Come potete intuire, il tranello per questi 19 milioni di lettori sta proprio nell’immaginazione romantica a cui la lettura li conduce in maniera subliminale.
Lui e lei sono di bell’aspetto, lui, sfacciatamente ricco, si rivela “patologicamente” protettivo nei confronti di lei; come non immaginare un finale romantico tra i due. Se fossero stati goffi e inetti, se lui fosse stato un mero cliente distaccato, se lei avesse ammesso di prendere questa scelta per godersi una bella vita, anziché per aiutare un padre malato, probabilmente il messaggio non sarebbe arrivato al lettore allo stesso modo.

Non è nel nostro obiettivo denigrare un romanzo, perché tale è. E’ una finzione e tale resta poiché un caso del genere, con queste specifiche caratteristiche, probabilmente non avverrà mai.

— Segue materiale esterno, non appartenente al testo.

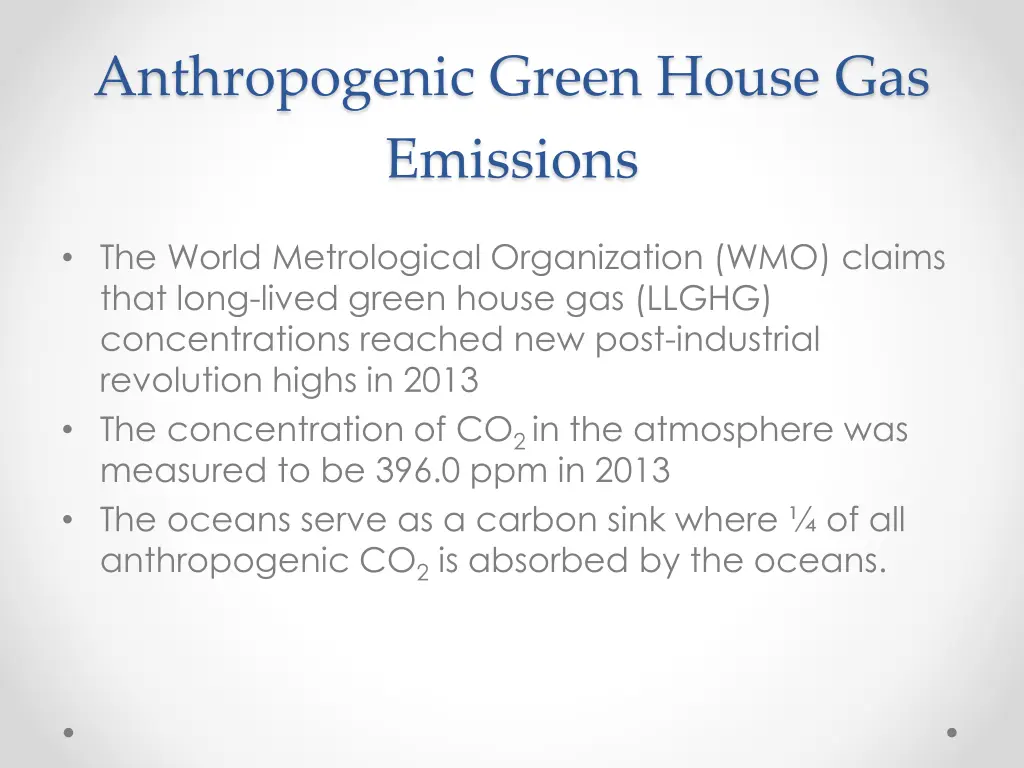 anthropogenic green house gas emissions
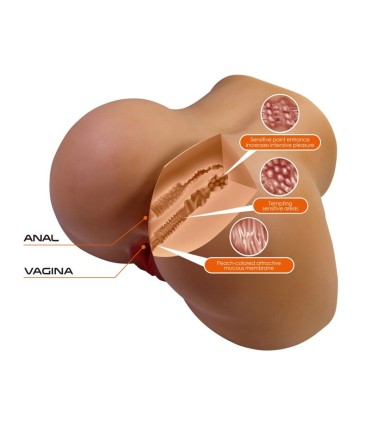 CRAZY BULL REALISTIC FEMALE TORSO MASTURBATOR DUAL ENTRY WITH VIBRATION AND SUCTION NATURAL COLOR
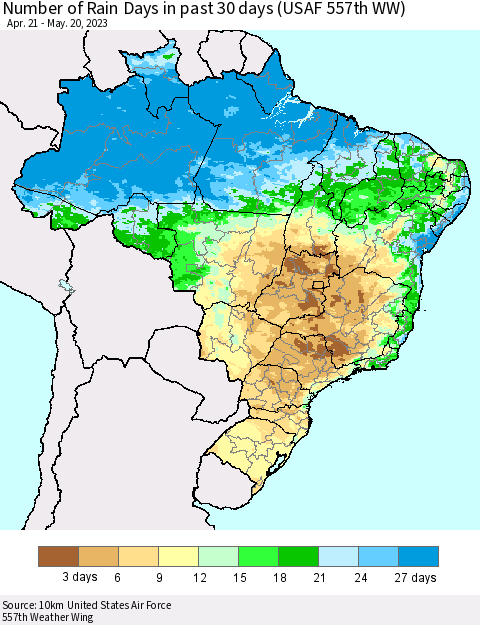 Brazil Number of Rain Days in past 30 days (USAF 557th WW) 05/20/2023 Thematic Map For 5/16/2023 - 5/20/2023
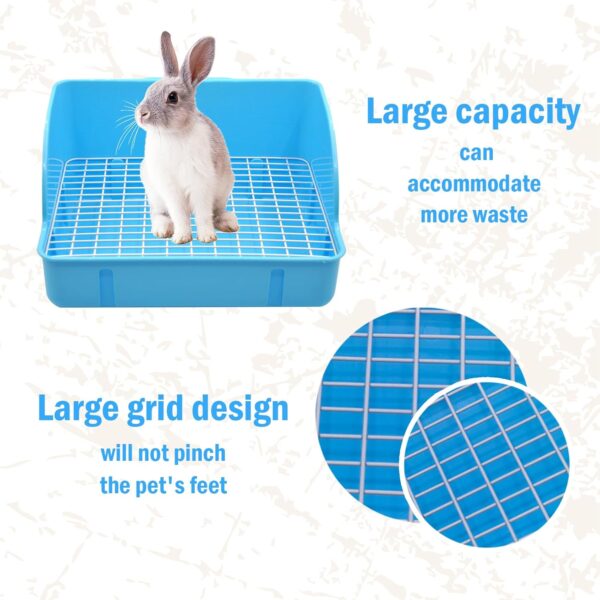 MUYG 12Pcs Rabbit Litter Box for Cage, Bunny Potty Trainer Corner Guinea Pig Plastic Square Grate Toilet, Pet Bedding Litter Box for Small Animal Ferret Hamster Hedgehog (Blue) - Image 3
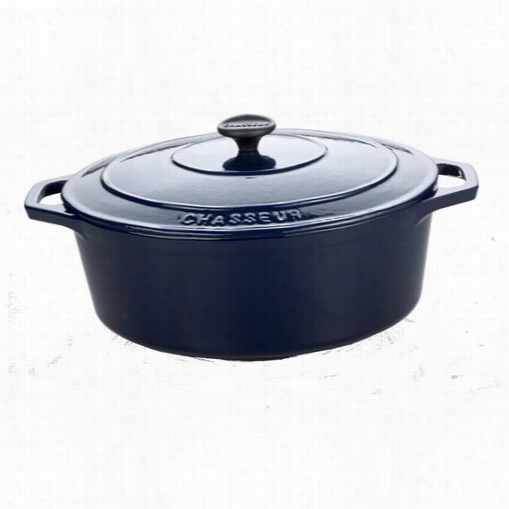 Chasseur Ci_3733_bl____ci_170 16"" X 10"" Cast Iron Oval Casesrle In Blue With Lid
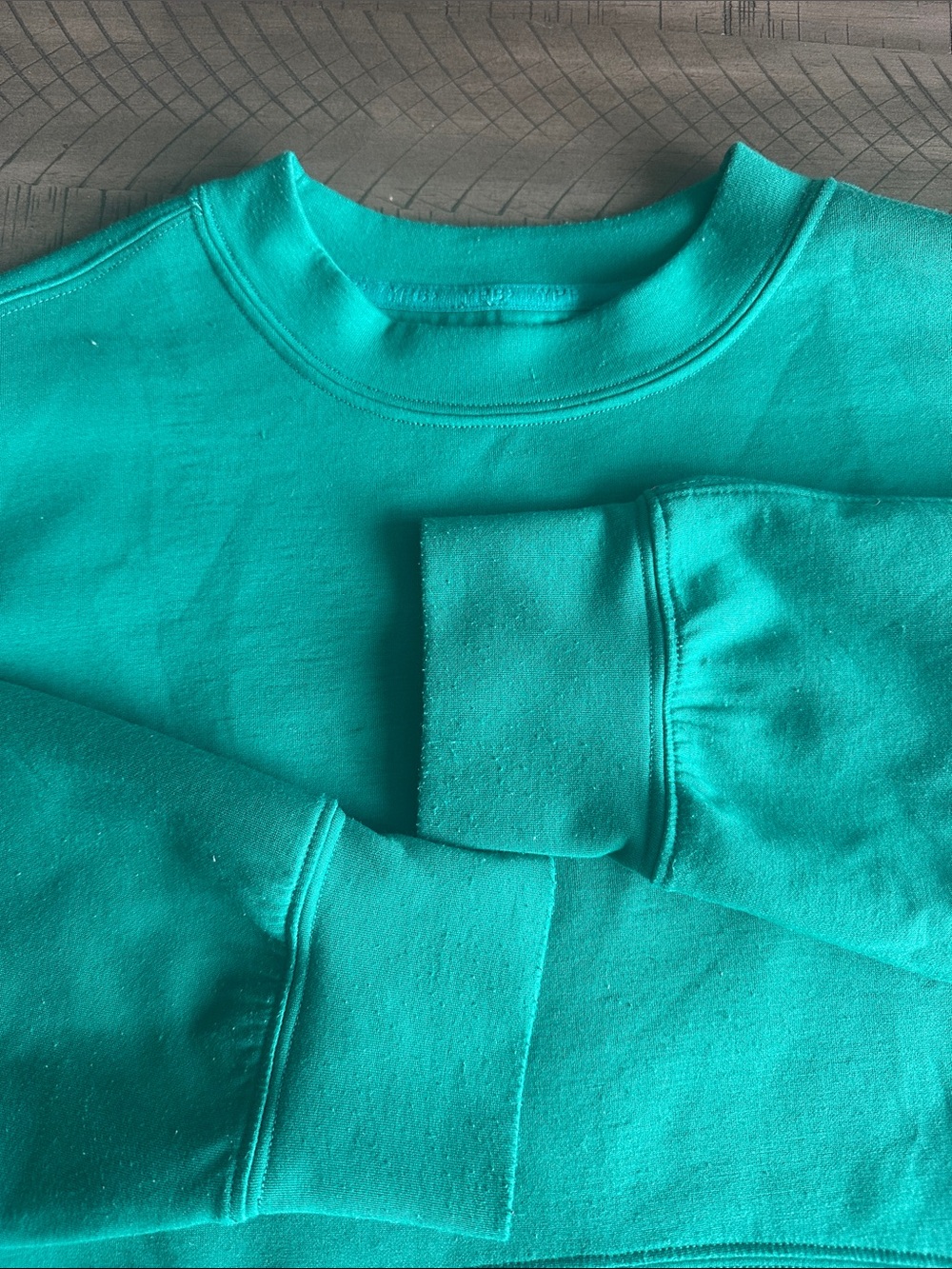 Women's Cropped Oversized Crewneck Sweatshirt - Teal Green - Picture 3 of 9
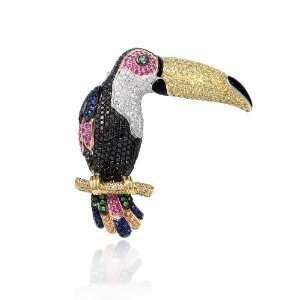    Diamond and Sapphire 18k White Gold Tucan Brooch Pin: Jewelry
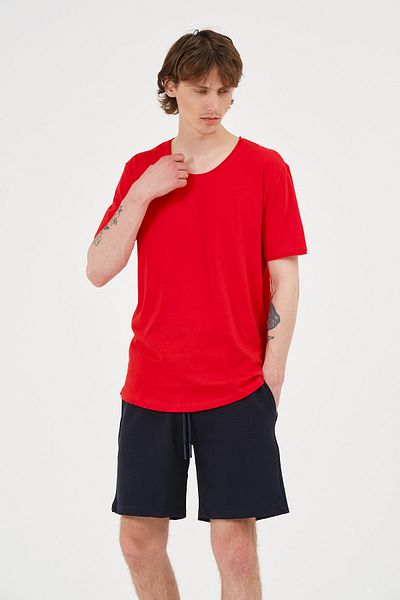 RELAXL Unisex 100% Cotton Tough Fabric Wide Collar Regular Fit Plain Red T-shirt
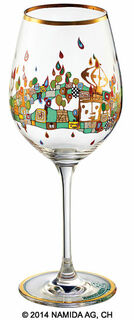(PM XIX/6) Wine glass "BEAUTY IS A PANACEA - Gold - Red Wine" by Friedensreich Hundertwasser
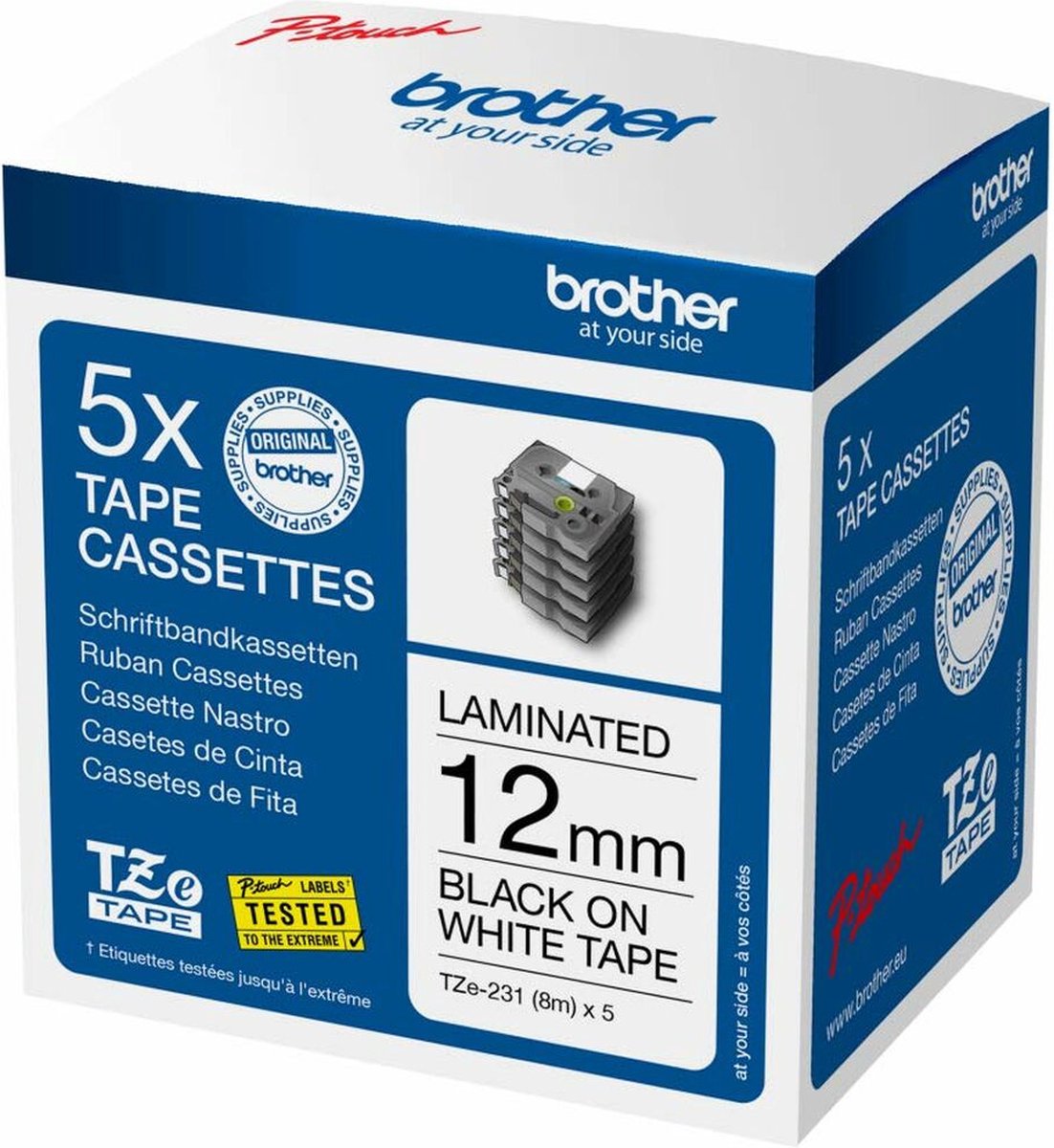 Brother tze-231m5 labelprinter-tape zwart op wit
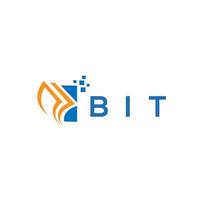 diseño de logotipo de contabilidad de reparación de crédito bit sobre fondo blanco. concepto de logotipo de letra de gráfico de crecimiento de iniciales creativas de bits. diseño de logotipo de finanzas empresariales de bits. vector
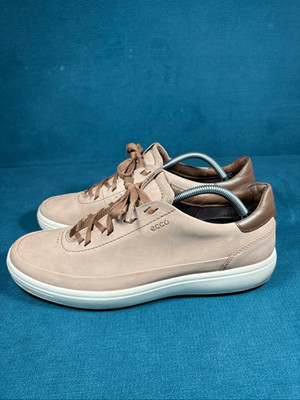 ECCO Soft 7 Leather Sneakers Men s Size 10-10.5 US Beige Brown Comfort Casual Sh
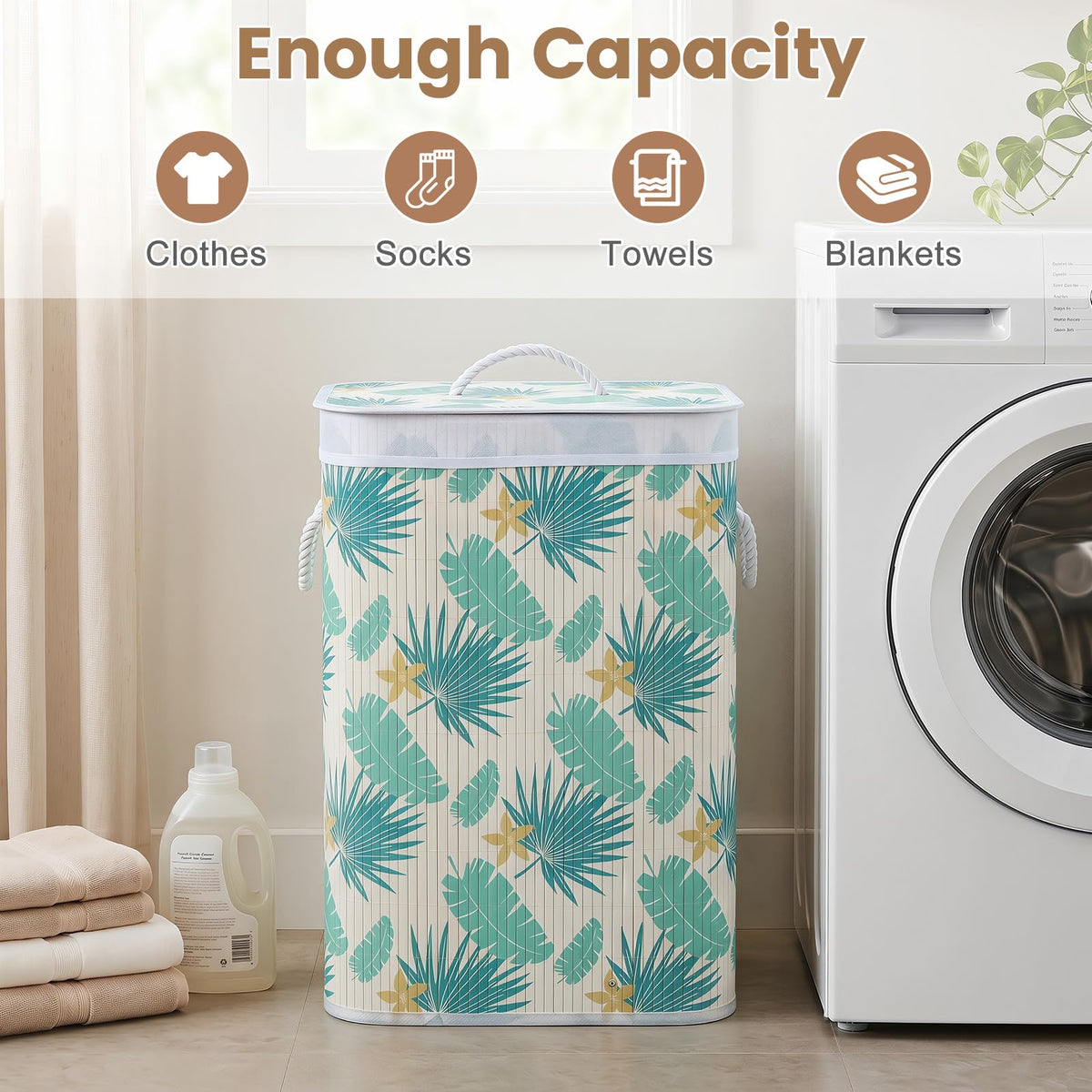 Goflame 19 Gal Bamboo Laundry Hamper w/Removable Liner & Portable Handles
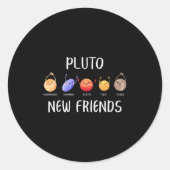 New Friends Dwarf Planets Funny Astronomy Science  Ronde Sticker (Voorkant)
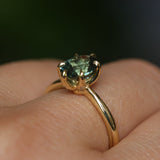 2.07ct Precision Cut Untreated Teal Oval Montana Sapphire Diamond-studded Sea Star Solitaire in 18k Yellow Gold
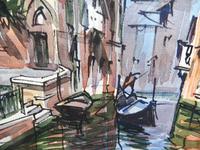 Set of 4 Watercolours Venice by Sirrol listed artist Aka Antonio Sirolli 1950s (8 of 10) Set of 4 Watercolours Venice by Sirrol listed artist Aka Antonio Sirolli 1950s (8 of 10)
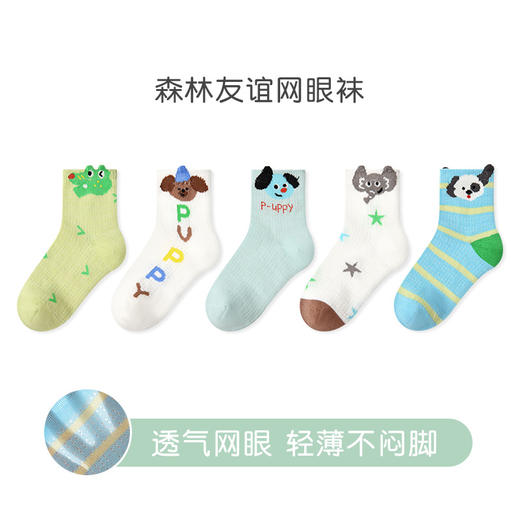 立体卡通动物网眼袜5双装 商品图0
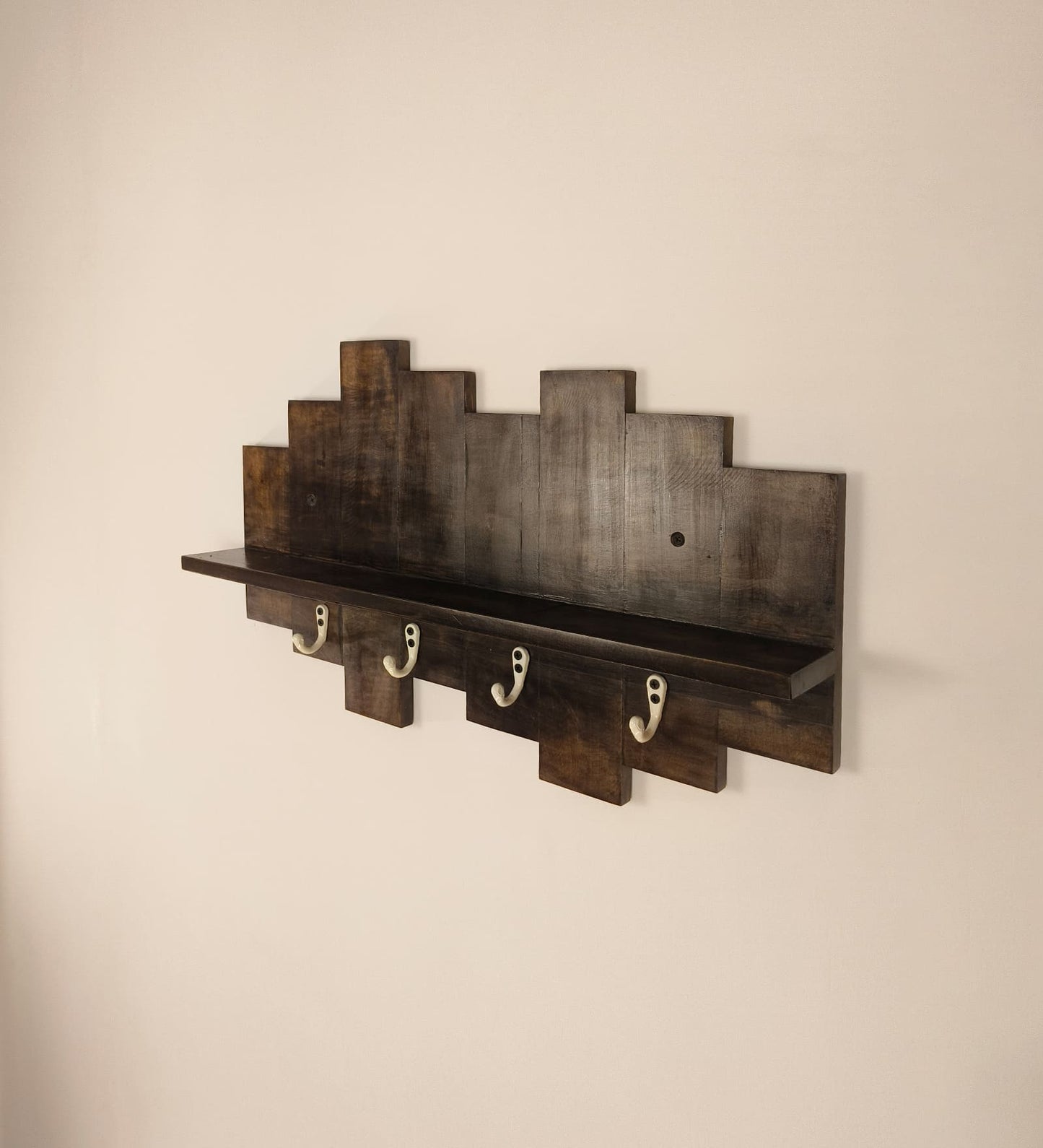 Grove Wooden Wall Shelf Organiser with Key Holders
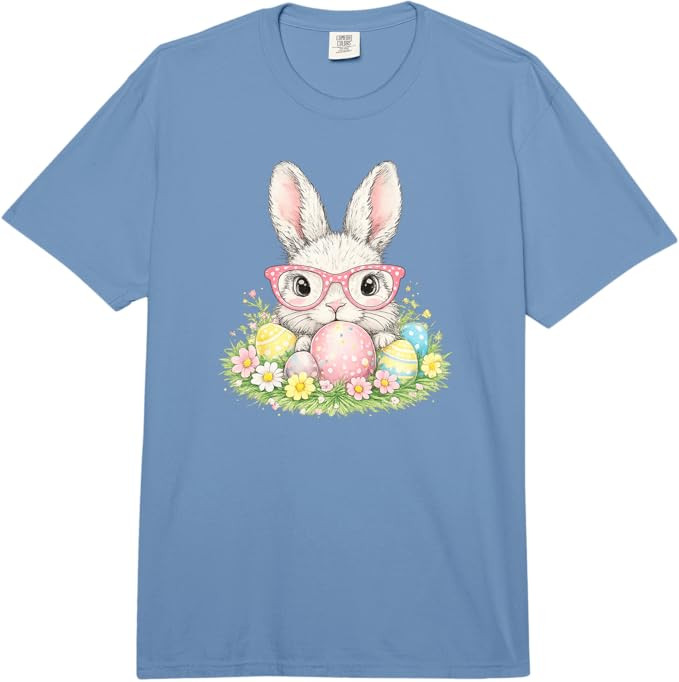 Cute Easter Bunny Glasses Spring Rabbit Pattern Comfort Colors Adult Heavyweight T-Shirt | Amazon (US)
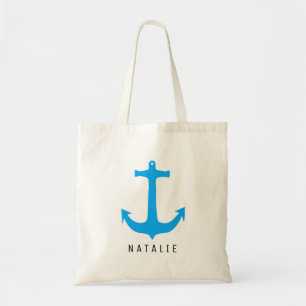 Bolsa Tote Noiva Náutica de Casamento Azul de Praia de Anchor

Quello che vogliamo invece far capire è come, un atto criminale e disumano, come lo strappare per contratto dalle braccia di una madre un neonato, se viene presentato con i dovuti accorgimenti, possa essere trasfigurato arrivando a essere visto solo come un gesto d’amore. È quello che abbiamo visto succedere a Kiev, un desiderio egoistico di maternità/paternità che ha il diritto di essere soddisfatto nonostante tutto e per il quale ci si auspica addirittura che non ci possano essere conseguenze se si infrange la legge. Peccato che si tratti di bimbi veri e non sia un romanzo.